There wasn’t a violin in sight. No piano, church organ or Christmas bells. Not even a guitar or a flute. Instead there were African drums—small, pop-pop djembe hand drums, and big, reverberating dunun bass drums. There were balafons—indigenous wooden xylophones, and the melodic wail of women’s voices belting out songs in Fang, the local language. Thunderous, echoing music that carried out of the church and into the warm equatorial African night.
This was Christmas Eve, years ago. I was twenty-three and single, serving as a Peace Corps Volunteer in the town of Bitam, Gabon. Prior to this I’d spent my whole life in Kansas, celebrating every holiday with my large, close-knit Catholic family. Being away from them for Christmas felt like having a limb severed. But the spectacle all around me in the mission church, an airy, wooden structure with a high beamed ceiling, left little room for drooping spirits. Little room on the bench, as well. Every seat in the church was occupied. We crammed the benches, hip pressed to hip, and still more people nudged their way on board, all of us squeezing in more to make room. Enormous, glossy palm fronds festooned the walls, interspersed with decorative batiks. Goats bleated and chickens clucked from their spots near the nativity scene. Dozens of stubby candles lined the floor of the aisles—an invitation for an accident and lawsuit in the U.S., but theirs is not a litigious society. The smoke curled and rose, mixing with the smell of incense, cheap perfume and body odor.

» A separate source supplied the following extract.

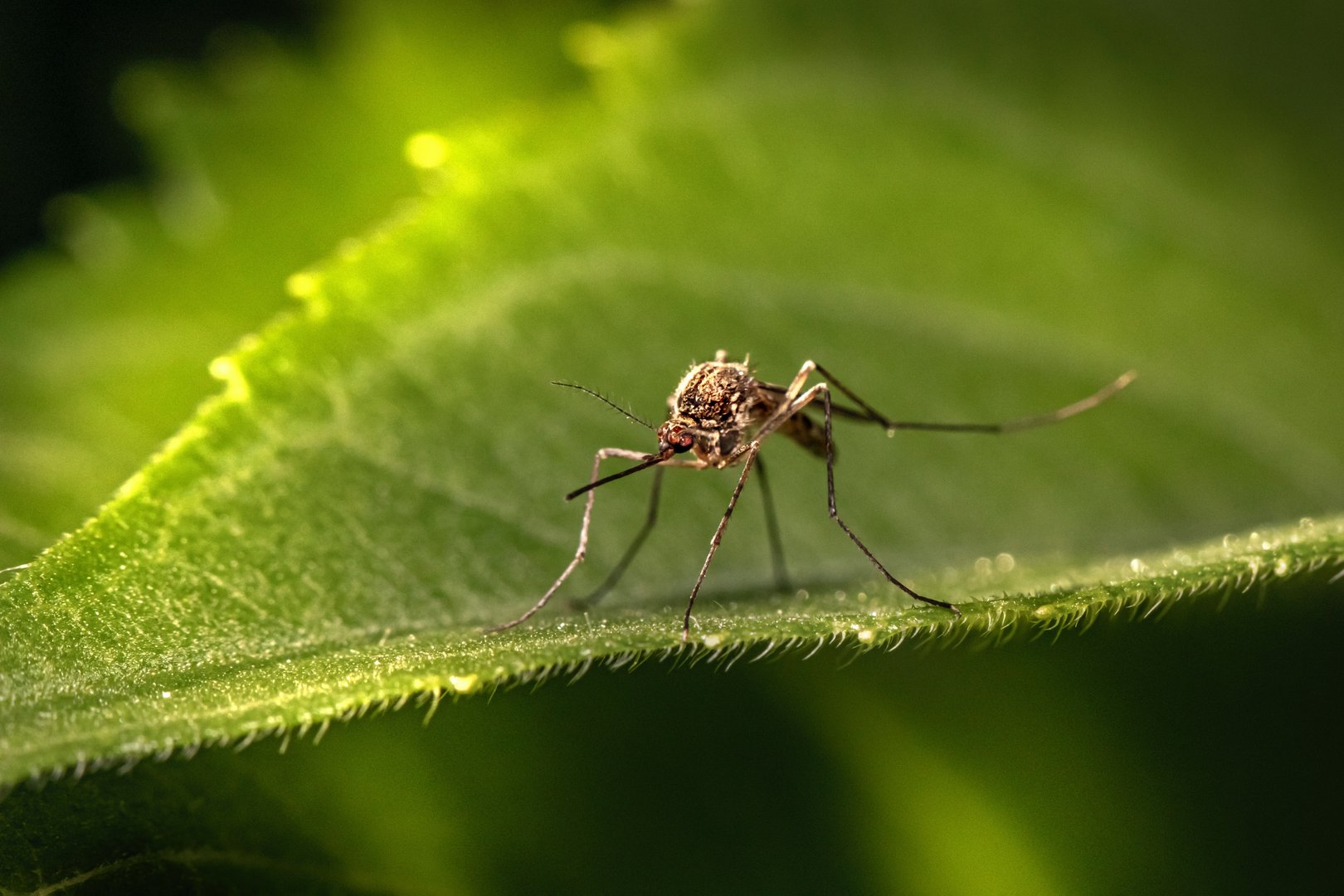 image Dengue will &#8216;take off&#8217; in southern Europe, US, Africa this decade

But it was the drums that defined the night for me. Drumming doesn’t allow you to listen passively. The deep thrum of the bass drums sends a vibration into the earth, which makes its way over to you, inside you, deep in your core. It seizes you; it catches you up in it. Gone are all notions of how church music, traditional Christmas music should sound. You forget about smells or discomfort or what family back home are doing. You have been flung into this raucous, organic celebration, every sway and chant of the congregation underlined by the thumping drums, as if they are a heartbeat. They are, in a way: the earth’s heartbeat, a deep, omniscient thump-thump, yet another example of the spooky mysticism that hovers over daily life in Gabon like an invisible fog.
This is a place, a community, that understands life—and death—in a way that my Kansas upbringing never taught me. The life expectancy for the average Gabonese man is fifty-one years. One in every ten Gabonese children will die before their first birthday. This is the reality of Africa. You can’t live life, knowing these statistics, without really living. You live for the moment, and on a night of pageantry, song and celebration, you really live it up. Celebrating the birth of a baby, of new life? Live it up even more.
The offertory procession, midway through the mass, was the biggest spectacle of all. Sixteen women, accompanied by drums and balafons, danced and sang their way down the aisle, gifts in their hands, their hips sashaying to the beat. In their matching attire of scarlet, green and gold dresses with matching headdresses, the women looked like tribal princesses. The drums were deafening, intoxicating. At the foot of the altar, the women lay down their treasures: a wicker basket full of collected monetary offerings; an earthen jug of wine; a giant bowl filled with bread. The offerings got creative from there: a regime of bananas, the cluster of thirty still clinging together upside-down; six spiny pineapples; a dozen sticks of baton de manioc, a local carbohydrate staple. There were ceramic dishes filled with rice, with stew, an enormous bolt of colorful fabric. There was even a wicker basket full of wine-sized beer bottles.
Every member of the congregation was swept up in the moment, singing and swaying with the music. It was pure, organic pageantry. Surely this was how it must have been when Jesus was born, with the palms and animals and the locals heralding his arrival with what they could, their music and the fruits of their labor. Gifts from the heart. The thunderous drumbeats echoed off the walls and filled the building, resonating in my head, my own heart.
Those drums, those life-summoning drums. Over twenty years later, I have not forgotten that Christmas music. Nor will I ever.